**Your instructions**
Copy out exactly the lines below that run from the one holding "HOTEL MARILIZA BEACH 10/28" to the one holding "10-18 AUDI A7", keeping both of those lines and no others.

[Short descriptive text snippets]
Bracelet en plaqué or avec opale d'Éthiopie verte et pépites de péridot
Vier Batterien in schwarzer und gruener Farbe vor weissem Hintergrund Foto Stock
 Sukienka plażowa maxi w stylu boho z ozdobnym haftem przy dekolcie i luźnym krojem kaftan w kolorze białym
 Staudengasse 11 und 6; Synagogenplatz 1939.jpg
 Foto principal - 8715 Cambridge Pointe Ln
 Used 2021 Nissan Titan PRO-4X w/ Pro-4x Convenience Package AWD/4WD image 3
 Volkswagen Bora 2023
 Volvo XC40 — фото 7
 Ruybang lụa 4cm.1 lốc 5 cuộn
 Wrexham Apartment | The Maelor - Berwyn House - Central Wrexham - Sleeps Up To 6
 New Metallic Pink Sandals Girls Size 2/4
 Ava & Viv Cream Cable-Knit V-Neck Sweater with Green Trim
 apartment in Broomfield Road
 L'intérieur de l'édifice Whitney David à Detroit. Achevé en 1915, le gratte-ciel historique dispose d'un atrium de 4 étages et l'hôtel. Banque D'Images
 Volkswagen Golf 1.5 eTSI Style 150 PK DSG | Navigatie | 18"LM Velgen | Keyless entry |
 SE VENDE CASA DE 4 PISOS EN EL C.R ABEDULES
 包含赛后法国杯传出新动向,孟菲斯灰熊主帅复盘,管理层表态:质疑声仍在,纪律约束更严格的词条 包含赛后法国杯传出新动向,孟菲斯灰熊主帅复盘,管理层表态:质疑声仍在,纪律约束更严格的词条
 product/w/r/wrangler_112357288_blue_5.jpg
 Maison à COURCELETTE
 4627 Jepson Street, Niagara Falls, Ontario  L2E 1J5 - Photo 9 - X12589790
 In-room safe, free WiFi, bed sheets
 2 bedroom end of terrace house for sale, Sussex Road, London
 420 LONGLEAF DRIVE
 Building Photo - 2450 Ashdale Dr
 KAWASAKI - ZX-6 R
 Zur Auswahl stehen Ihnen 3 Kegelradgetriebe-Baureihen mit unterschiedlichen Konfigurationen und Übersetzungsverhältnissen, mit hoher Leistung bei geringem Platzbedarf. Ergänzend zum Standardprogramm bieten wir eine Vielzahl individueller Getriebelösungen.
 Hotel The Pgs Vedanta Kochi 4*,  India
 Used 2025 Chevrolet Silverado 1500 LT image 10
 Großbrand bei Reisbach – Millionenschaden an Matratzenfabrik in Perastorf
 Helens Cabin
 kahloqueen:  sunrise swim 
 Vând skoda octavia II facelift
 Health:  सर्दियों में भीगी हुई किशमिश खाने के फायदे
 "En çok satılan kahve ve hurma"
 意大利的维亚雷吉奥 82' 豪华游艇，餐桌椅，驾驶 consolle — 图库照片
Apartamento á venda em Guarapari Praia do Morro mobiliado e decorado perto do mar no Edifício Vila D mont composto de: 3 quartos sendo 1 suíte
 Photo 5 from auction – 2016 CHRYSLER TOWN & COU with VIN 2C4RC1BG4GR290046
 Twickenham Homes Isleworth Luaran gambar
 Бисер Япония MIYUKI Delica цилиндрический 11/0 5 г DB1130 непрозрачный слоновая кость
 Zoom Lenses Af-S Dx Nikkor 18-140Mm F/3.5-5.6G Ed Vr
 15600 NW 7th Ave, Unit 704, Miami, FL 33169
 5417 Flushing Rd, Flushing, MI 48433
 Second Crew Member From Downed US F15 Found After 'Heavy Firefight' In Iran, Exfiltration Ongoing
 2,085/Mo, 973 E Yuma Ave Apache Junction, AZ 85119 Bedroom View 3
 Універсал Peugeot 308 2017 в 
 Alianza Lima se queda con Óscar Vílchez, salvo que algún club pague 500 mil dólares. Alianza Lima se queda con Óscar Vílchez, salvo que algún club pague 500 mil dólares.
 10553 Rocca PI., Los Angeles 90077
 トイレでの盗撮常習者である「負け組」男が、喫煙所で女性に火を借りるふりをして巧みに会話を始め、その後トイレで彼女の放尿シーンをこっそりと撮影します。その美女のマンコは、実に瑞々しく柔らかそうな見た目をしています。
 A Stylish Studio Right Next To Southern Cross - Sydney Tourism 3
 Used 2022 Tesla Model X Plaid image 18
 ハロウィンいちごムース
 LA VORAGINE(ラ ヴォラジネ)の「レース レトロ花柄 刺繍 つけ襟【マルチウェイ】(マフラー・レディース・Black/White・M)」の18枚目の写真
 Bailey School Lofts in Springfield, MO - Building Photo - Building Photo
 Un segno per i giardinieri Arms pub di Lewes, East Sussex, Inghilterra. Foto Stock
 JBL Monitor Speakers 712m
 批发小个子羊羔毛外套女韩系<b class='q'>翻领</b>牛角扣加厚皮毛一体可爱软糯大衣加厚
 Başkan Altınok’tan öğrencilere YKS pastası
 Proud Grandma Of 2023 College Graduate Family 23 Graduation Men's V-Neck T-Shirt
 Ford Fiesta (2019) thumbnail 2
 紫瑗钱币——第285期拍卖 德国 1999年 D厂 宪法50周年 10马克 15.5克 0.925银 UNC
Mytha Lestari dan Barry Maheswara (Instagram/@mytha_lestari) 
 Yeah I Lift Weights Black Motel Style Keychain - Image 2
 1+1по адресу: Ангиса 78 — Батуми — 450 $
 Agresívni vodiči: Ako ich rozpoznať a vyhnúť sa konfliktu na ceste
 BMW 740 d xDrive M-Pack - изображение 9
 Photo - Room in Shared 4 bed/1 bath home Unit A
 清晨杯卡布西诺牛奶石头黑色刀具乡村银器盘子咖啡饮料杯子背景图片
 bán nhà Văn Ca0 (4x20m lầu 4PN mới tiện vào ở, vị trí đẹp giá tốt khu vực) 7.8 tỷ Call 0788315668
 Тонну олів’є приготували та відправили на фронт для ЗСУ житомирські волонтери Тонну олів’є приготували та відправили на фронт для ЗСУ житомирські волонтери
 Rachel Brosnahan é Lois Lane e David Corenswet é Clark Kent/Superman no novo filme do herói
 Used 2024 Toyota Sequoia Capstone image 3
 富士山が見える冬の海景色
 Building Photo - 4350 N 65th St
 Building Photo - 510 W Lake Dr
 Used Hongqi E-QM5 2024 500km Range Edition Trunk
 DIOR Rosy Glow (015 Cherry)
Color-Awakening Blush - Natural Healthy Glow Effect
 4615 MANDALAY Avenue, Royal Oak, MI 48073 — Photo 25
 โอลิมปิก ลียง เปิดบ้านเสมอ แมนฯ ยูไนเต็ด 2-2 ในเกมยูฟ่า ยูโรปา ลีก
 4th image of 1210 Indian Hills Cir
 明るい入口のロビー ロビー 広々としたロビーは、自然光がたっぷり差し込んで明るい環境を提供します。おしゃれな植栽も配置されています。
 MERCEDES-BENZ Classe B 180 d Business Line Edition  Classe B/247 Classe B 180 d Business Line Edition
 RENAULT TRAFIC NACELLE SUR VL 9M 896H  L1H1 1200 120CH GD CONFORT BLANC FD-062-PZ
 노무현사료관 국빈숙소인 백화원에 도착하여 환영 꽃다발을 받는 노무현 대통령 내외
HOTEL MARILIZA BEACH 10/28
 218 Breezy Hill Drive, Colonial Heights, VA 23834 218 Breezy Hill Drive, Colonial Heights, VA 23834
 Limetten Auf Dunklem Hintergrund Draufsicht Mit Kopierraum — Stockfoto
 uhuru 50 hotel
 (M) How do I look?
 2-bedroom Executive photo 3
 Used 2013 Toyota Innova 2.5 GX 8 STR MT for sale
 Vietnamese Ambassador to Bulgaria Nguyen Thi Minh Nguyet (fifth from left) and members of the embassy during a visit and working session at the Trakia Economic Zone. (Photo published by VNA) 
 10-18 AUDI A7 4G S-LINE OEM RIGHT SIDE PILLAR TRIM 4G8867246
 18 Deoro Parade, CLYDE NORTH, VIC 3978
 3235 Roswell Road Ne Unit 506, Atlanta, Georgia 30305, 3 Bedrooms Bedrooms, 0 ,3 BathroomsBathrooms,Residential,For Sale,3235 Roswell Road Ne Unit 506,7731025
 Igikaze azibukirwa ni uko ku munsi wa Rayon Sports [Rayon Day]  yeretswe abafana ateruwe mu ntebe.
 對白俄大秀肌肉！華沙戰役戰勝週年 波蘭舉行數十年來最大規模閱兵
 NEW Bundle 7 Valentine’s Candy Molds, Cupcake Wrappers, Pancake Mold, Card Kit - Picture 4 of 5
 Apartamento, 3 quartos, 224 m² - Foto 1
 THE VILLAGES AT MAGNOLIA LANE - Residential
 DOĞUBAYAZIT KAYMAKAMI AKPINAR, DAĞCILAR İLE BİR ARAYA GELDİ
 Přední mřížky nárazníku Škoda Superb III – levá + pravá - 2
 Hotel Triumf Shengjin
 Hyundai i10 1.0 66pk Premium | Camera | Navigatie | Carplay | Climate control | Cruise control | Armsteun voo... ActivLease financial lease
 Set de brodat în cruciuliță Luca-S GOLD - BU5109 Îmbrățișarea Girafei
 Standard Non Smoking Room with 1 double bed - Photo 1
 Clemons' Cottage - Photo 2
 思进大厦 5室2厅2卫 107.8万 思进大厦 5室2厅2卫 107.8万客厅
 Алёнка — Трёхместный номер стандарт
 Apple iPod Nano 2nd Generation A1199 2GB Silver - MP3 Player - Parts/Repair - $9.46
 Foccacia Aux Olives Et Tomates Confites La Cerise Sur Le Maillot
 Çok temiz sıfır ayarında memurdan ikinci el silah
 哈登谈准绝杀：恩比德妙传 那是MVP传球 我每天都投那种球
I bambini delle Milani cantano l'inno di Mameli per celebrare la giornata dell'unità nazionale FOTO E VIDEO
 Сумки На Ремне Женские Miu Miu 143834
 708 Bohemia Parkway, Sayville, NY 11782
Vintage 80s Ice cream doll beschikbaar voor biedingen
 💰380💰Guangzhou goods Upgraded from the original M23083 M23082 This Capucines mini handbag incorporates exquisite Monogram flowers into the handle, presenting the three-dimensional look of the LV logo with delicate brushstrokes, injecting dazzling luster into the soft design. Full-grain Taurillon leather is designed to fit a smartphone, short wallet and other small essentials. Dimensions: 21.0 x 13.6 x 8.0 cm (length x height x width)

**Result for this task**
HOTEL MARILIZA BEACH 10/28
 218 Breezy Hill Drive, Colonial Heights, VA 23834 218 Breezy Hill Drive, Colonial Heights, VA 23834
 Limetten Auf Dunklem Hintergrund Draufsicht Mit Kopierraum — Stockfoto
 uhuru 50 hotel
 (M) How do I look?
 2-bedroom Executive photo 3
 Used 2013 Toyota Innova 2.5 GX 8 STR MT for sale
 Vietnamese Ambassador to Bulgaria Nguyen Thi Minh Nguyet (fifth from left) and members of the embassy during a visit and working session at the Trakia Economic Zone. (Photo published by VNA) 
 10-18 AUDI A7 4G S-LINE OEM RIGHT SIDE PILLAR TRIM 4G8867246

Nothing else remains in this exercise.